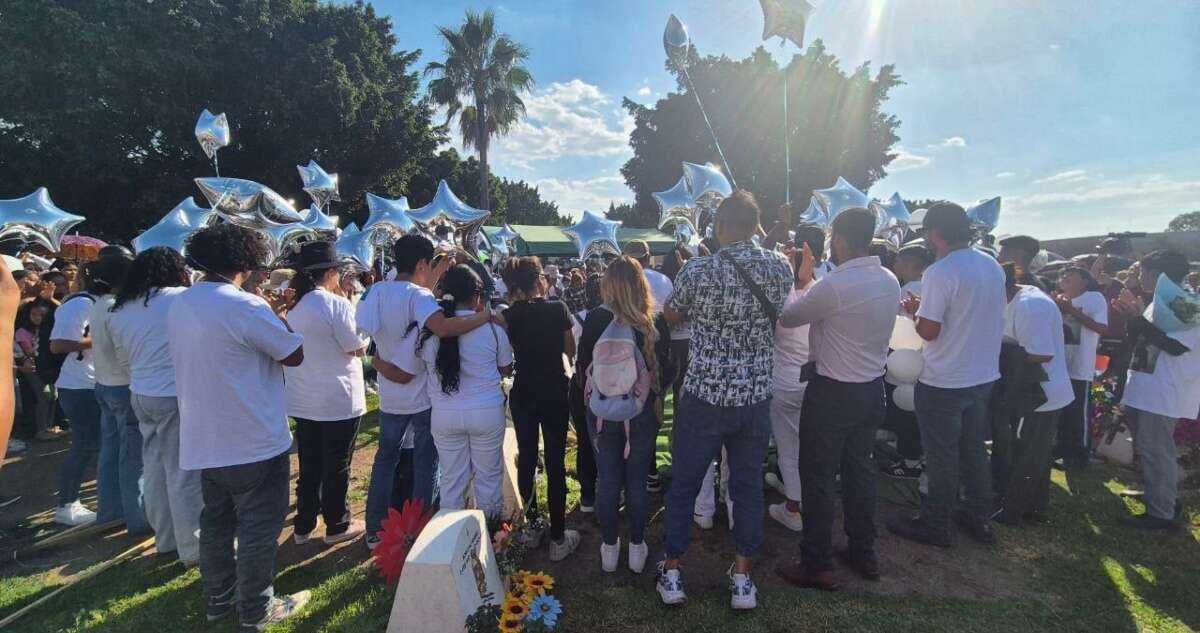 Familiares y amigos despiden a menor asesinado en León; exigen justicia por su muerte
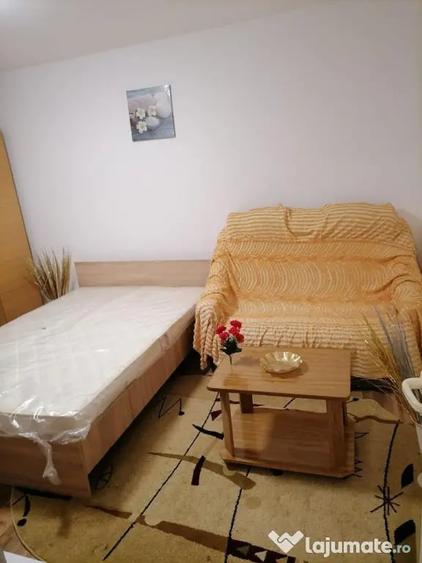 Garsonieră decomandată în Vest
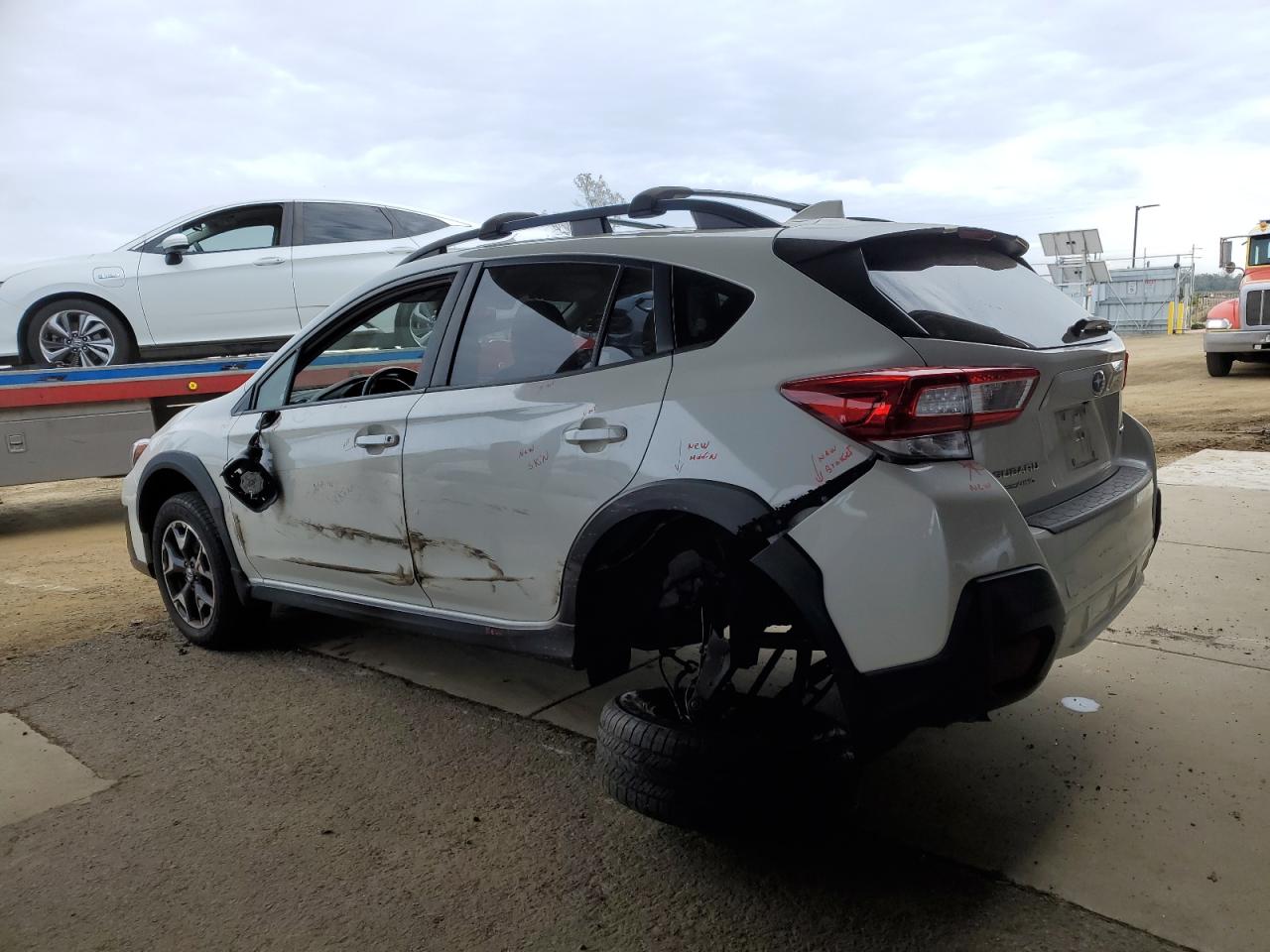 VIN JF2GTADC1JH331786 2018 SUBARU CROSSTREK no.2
-----
Directions for this task
Write out every line above exactly, minus images.

Response area
 Familiares y amigos despiden a menor asesinado en León; exigen justicia por su muerte
 Garsonieră decomandată în Vest
 VIN JF2GTADC1JH331786 2018 SUBARU CROSSTREK no.2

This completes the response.